Retype each line of the material exactly, please, skipping any picture in it.

■ **GIVEN MATERIAL**
# # #

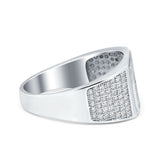 Hip Hop Ring Ice Micro Pave Round Eternity Simulated CZ 925 Sterling Silver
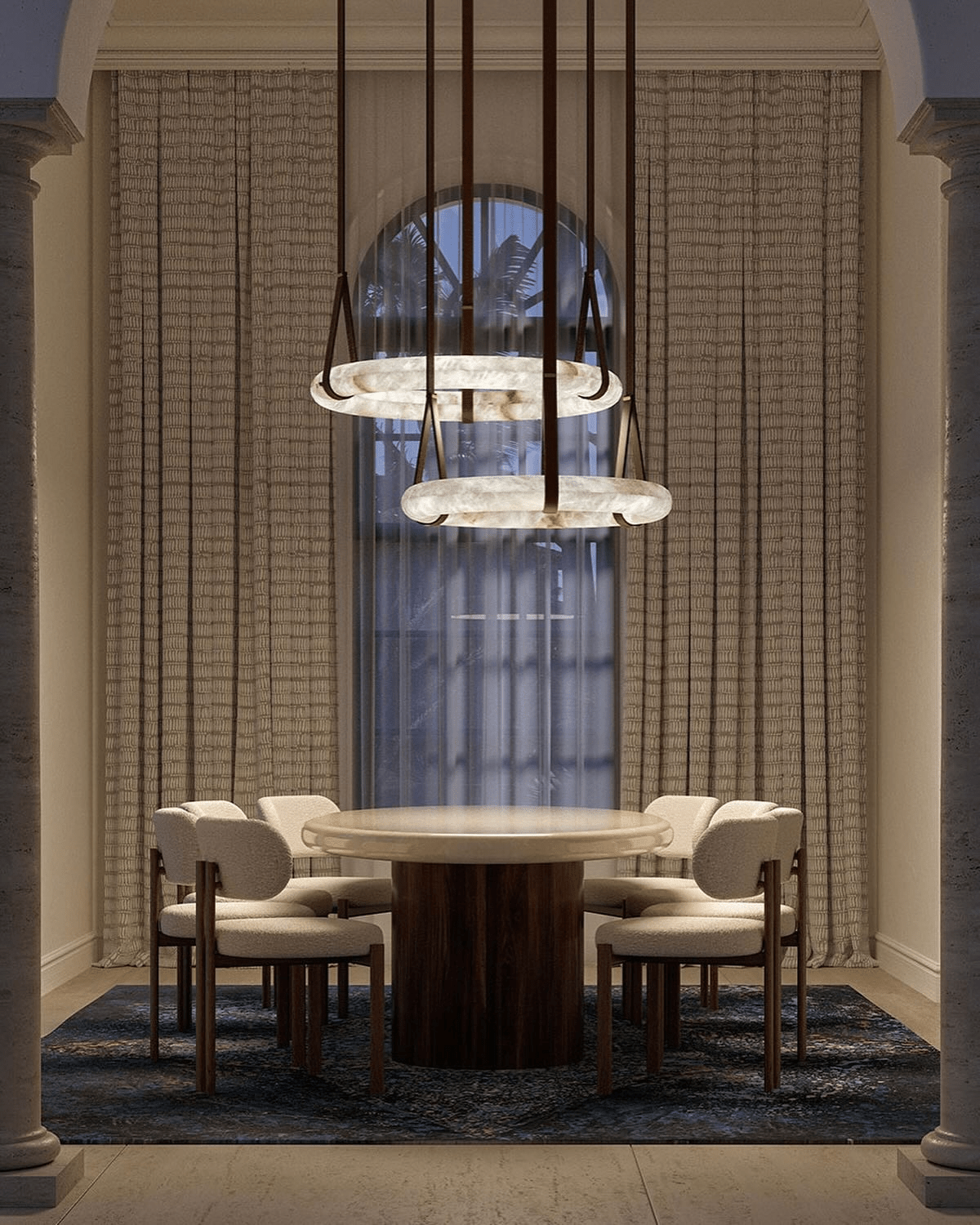 Hängelampe Alabaster Ring LED Dunkelbraun Braun Gold Wohnzimmer Esszimmer 3000K 4000K 6000K Ø30 Ø120cm Naturstein Pendelleuchte | Restfield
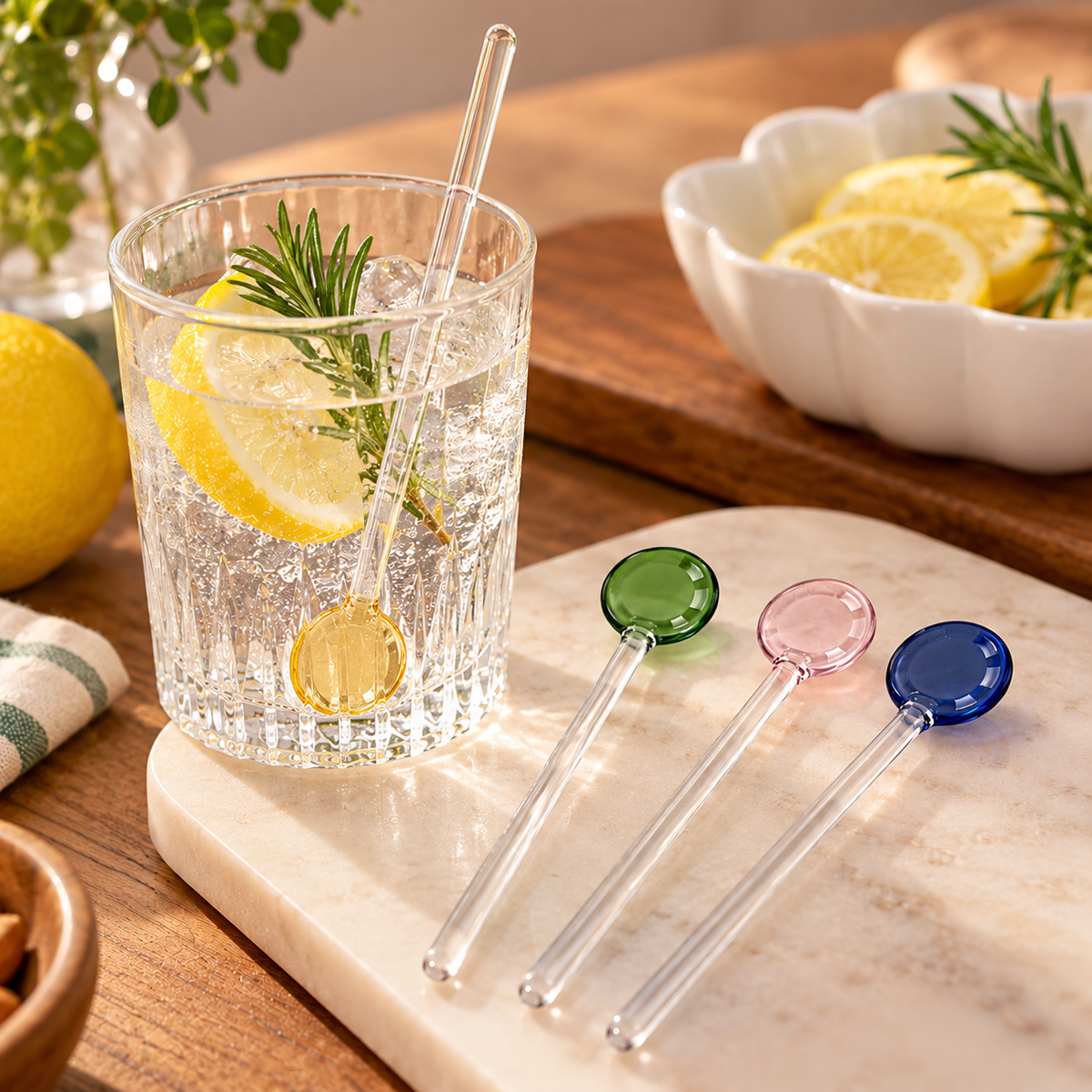 Colheres de Vidro para Drinks e Sobremesas – Kit com 4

# # #

■ **RESULT OF THIS TASK**
 Hip Hop Ring Ice Micro Pave Round Eternity Simulated CZ 925 Sterling Silver
 Hängelampe Alabaster Ring LED Dunkelbraun Braun Gold Wohnzimmer Esszimmer 3000K 4000K 6000K Ø30 Ø120cm Naturstein Pendelleuchte | Restfield
 Colheres de Vidro para Drinks e Sobremesas – Kit com 4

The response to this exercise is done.